Re: Concept_sitting
From: | Amanda Babcock Furrow <langs@...> |
Date: | Wednesday, January 14, 2009, 20:34 |
On Wed, Jan 14, 2009 at 08:23:22PM +0000, R A Brown wrote:
> David J. Peterson wrote:
> > The task you're doing can be done to any concept pretty much
> > however you see fit. If "rain" is "sky + water", perhaps "sky" is
> > "up + air".
>
> True - the splitting could in fact go on ad_infinitum. We could
> certainly split 'air' and, I guess, if one wanted to, it wouldn't be too
> difficult to split 'up'. 'water', of course, can be readily split.

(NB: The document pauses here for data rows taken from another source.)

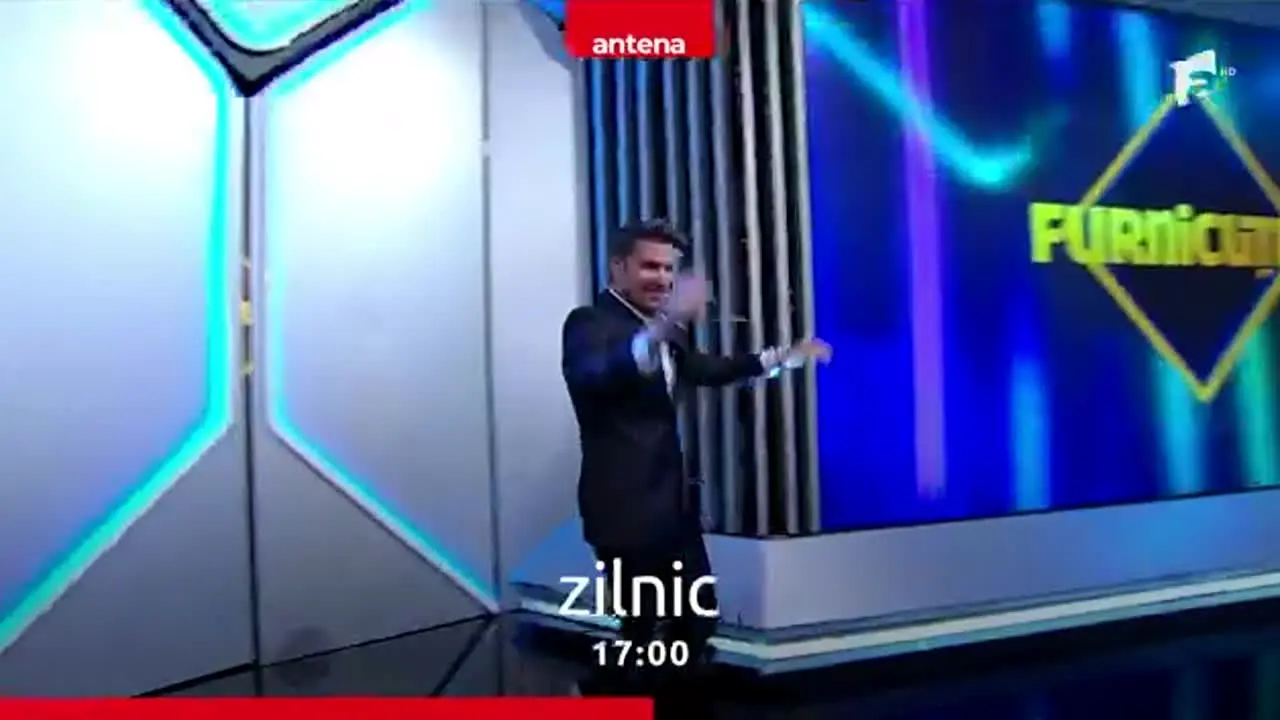 Antena 1 live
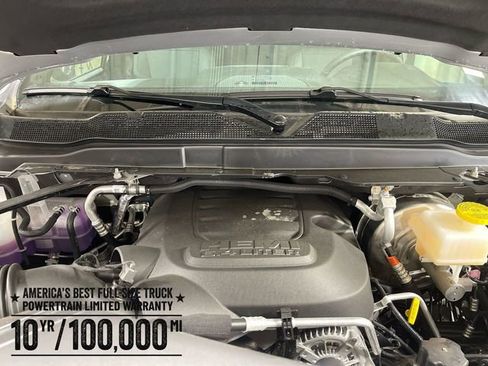 New 2026 RAM 2500 Tradesman w/ Chrome Appearance Group AWD/4WD image 24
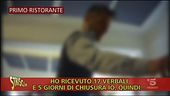 Ristoranti che aggirano le regole: la chat su Telegram per i clandestini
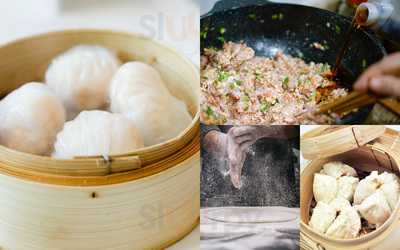 Master Kong Resturant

One might wish to make a language in which every concept is expressed as
a combination of semantic primes - but primes which are no longer
meaningful in isolation! So "rain" would be the archaic words for "sky"
and "water", but "sky" would instead be the archaic words for "up" and
"air"... etc.
Obviously if done without exception, this would be rather artificial, and
kind of reminiscent of that Star Trek language with "Shaka, when the walls
fell" or somesuch. Probably a few of the old words should remain usable
in isolation.
(This also reminds me a bit of the use of Chinese characters! Once (almost)
all words in themselves, now they are often paired to make words. IIRC
this was because of falling-together due to the erosion that brought tones
to the language. Maybe erosion could drive your language into oligosynthesis?)
Also, one nice touch would be to have a few remaining uses of the archaic
words in frozen formulas.
This is beginning to sound like fun!